第13回のインタビュイーは、エンタープライズ・ビジネス営業本部、第二営業部長の井上嘉隆さん。当部署では、主に関西圏を中心に全国400社ほど新規のお客様を担当しています。今年から新任マネージャーに就き、目まぐるしい日々を送る井上さん。関西中心に活動するSAPの営業としての仕事の魅力や熱い想いを聞かせてもらいます。

関西で新規開拓営業を務める魅力とは

「関西のお客様は、独自の経営学をお持ちの会社が多いんですよ。創業家がご健在の会社が比較的多く、彼らが企業風土や理念に強い影響力を持っている。そんな方々が、私たちの言葉に共感してくださるとすごく心強いですし、営業目線でいえば努力は報われやすい。創業家が『やるぞ!』となれば、本気で全社を上げた改革になりやすい会社が多いですね。

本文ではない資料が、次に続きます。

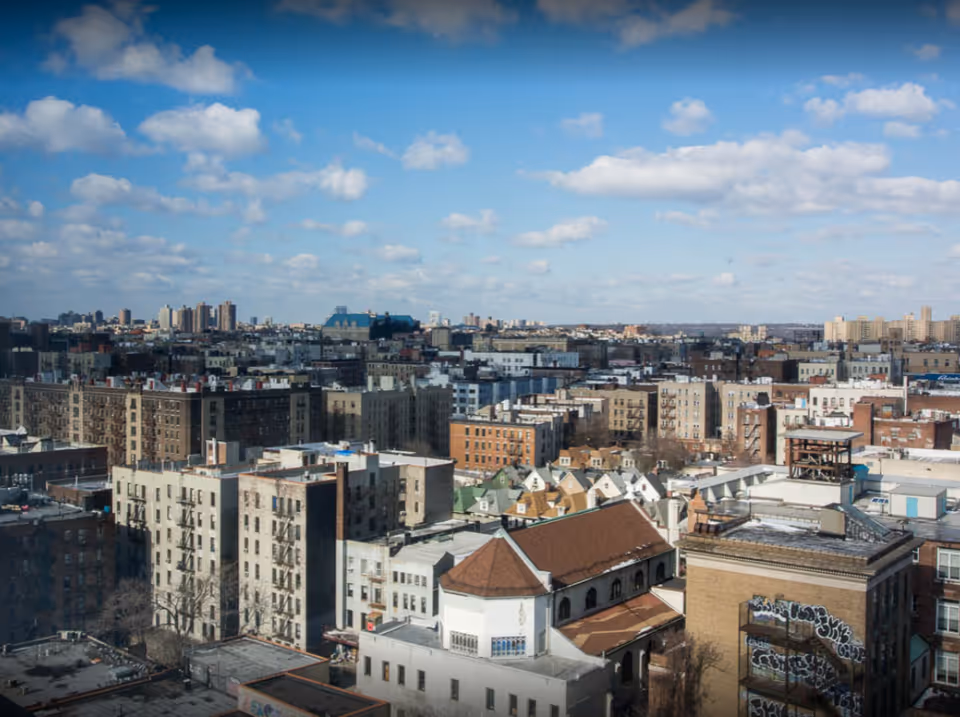 Rooftops and buildings form a cityscape beneath a blue sky.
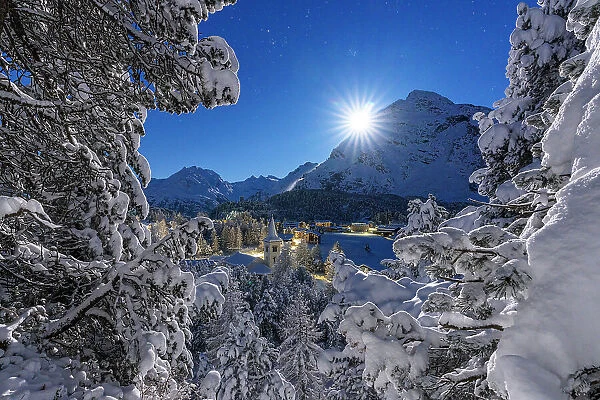Moon glowing over the snowy bell tower of Chiesa Bianca and woods in winter, Maloja, Bregaglia, Engadine, Canton of Graubunden, Switzerland, Europe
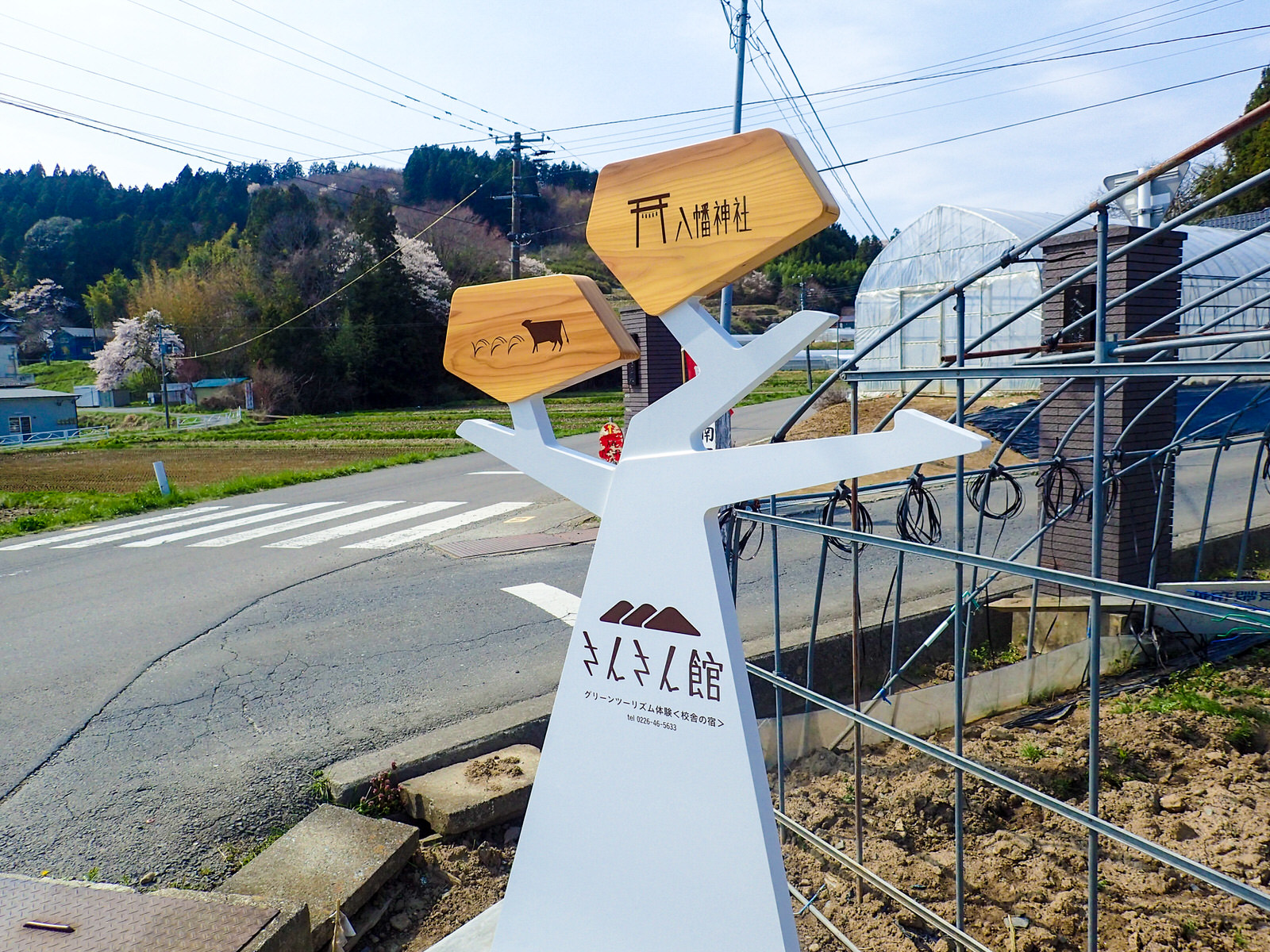 中央に「さんさん館」と書かれた、枝分かれした木のような形の白い土台の左側に、稲と牛のイラストが描かれた木の板、てっぺんに「八幡神社」と書かれた木の板がついており、右側が矢印の形になっている案内板が五叉路に設置されている写真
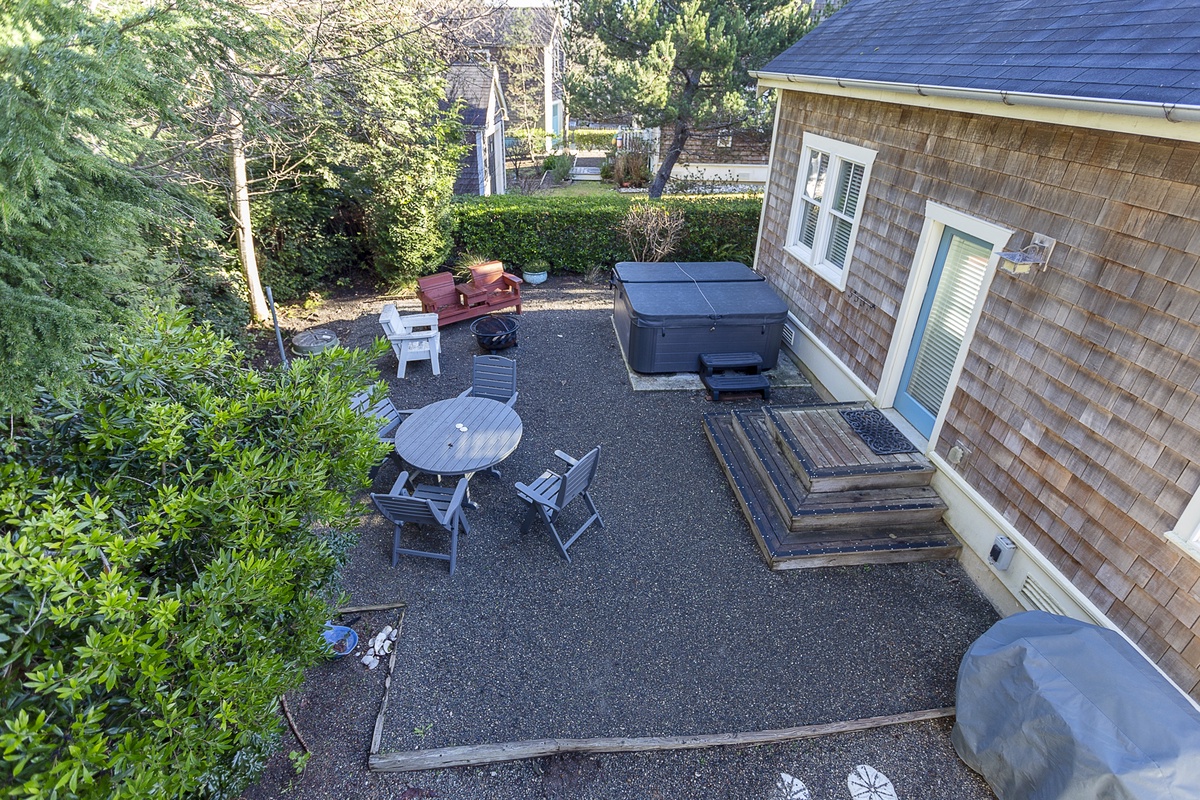 Backyard complete with firepit and hot tub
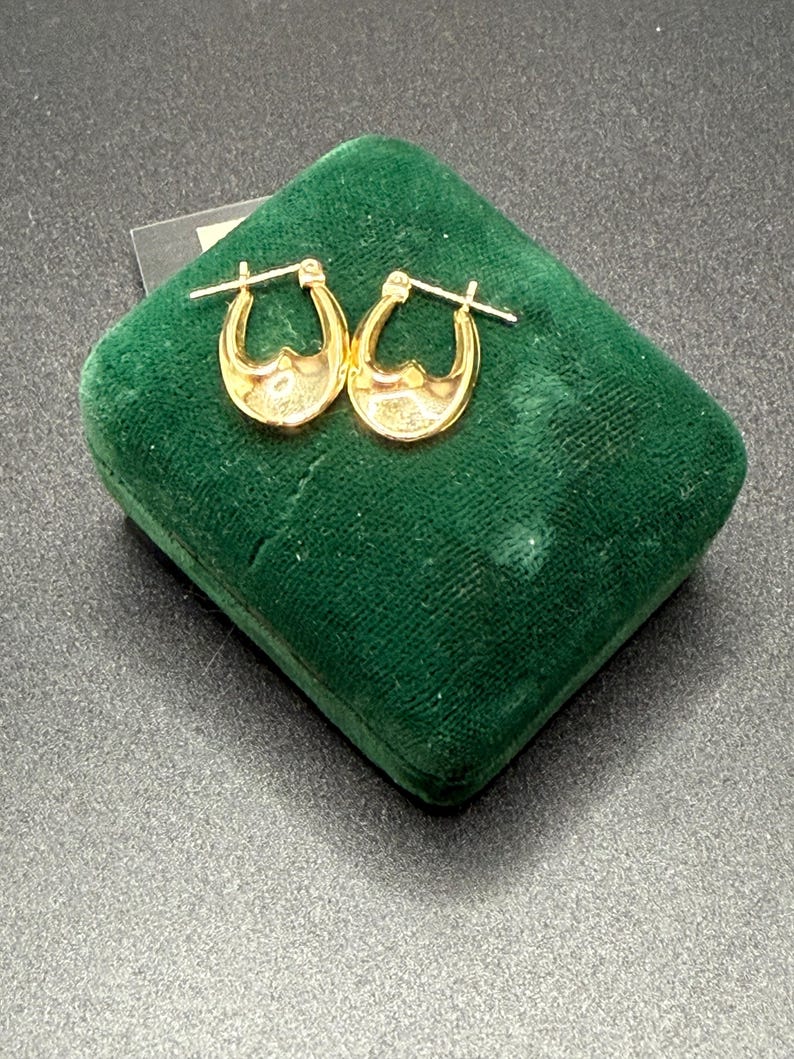 May include: A pair of gold-colored hoop earrings with a decorative design, displayed on a dark green velvet jewelry box. The earrings have a curved shape with a detailed interior. The background is a dark, textured surface.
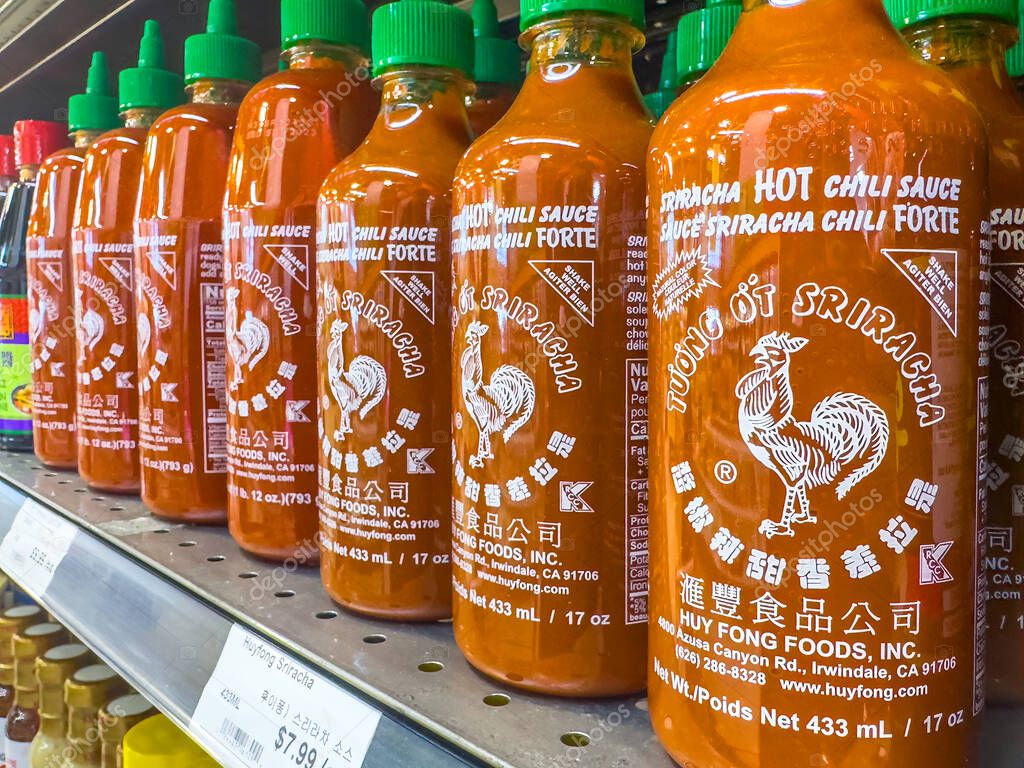 Calgary, Alberta, Canada. Apr 10, 2025. A shelf displays multiple bottles of Huy Fong Sriracha hot chili sauce, recognized by their white rooster logo and green caps.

いわゆるアカウント営業として、経営層から現場担当者まで幅広くカバーしているお客様においては、『この方がもし次の社長になられたら、会社が大きく変われるな』という方に出会えることが多々あり、その方がやりたいことを実現できる手助けを全力で行います。私は東京での営業経験もありますが、関西や中部の方が、そういう関係性になりやすいと感じています。時として、『俺の後任、誰がいいと思う?』と相談されることも。地域性からか、コミュニティの一員として認めて頂けると、もう家族のような関係になれるところが非常に魅力的だと思います。

1社について深く理解すると、業界に詳しくなれるし、業務プロセスのつながり全体も理解できます。人事やサプライチェーン、また企業戦略やM&Aなど、あらゆるテーマを学ぶことができるので、経験値を高められる良さもあります」

井上嘉隆さん エンタープライズ・ビジネス営業本部 第二営業部長

関西エリアの営業として、ベテランな様子が伺えます。SAPに転職したきっかけをお聞きしました。

「SAPは社会課題」…?                                                          

「前職ではコンサルティング会社に在籍し、実は『SAPは社会的責任を果たせていない!』とSAP側へ言い続けてきました。というのは、多くのお客様がSAP導入に苦労されているのを見てきたし、いざバージョンアップしようとしてもSAPコンサルタントが枯渇していて、全然市場から調達できない。またSAPのセミナーは東京が多くて関西ではなかなか開催されなかった。これでは、SAPを検討したくても検討できないですよね。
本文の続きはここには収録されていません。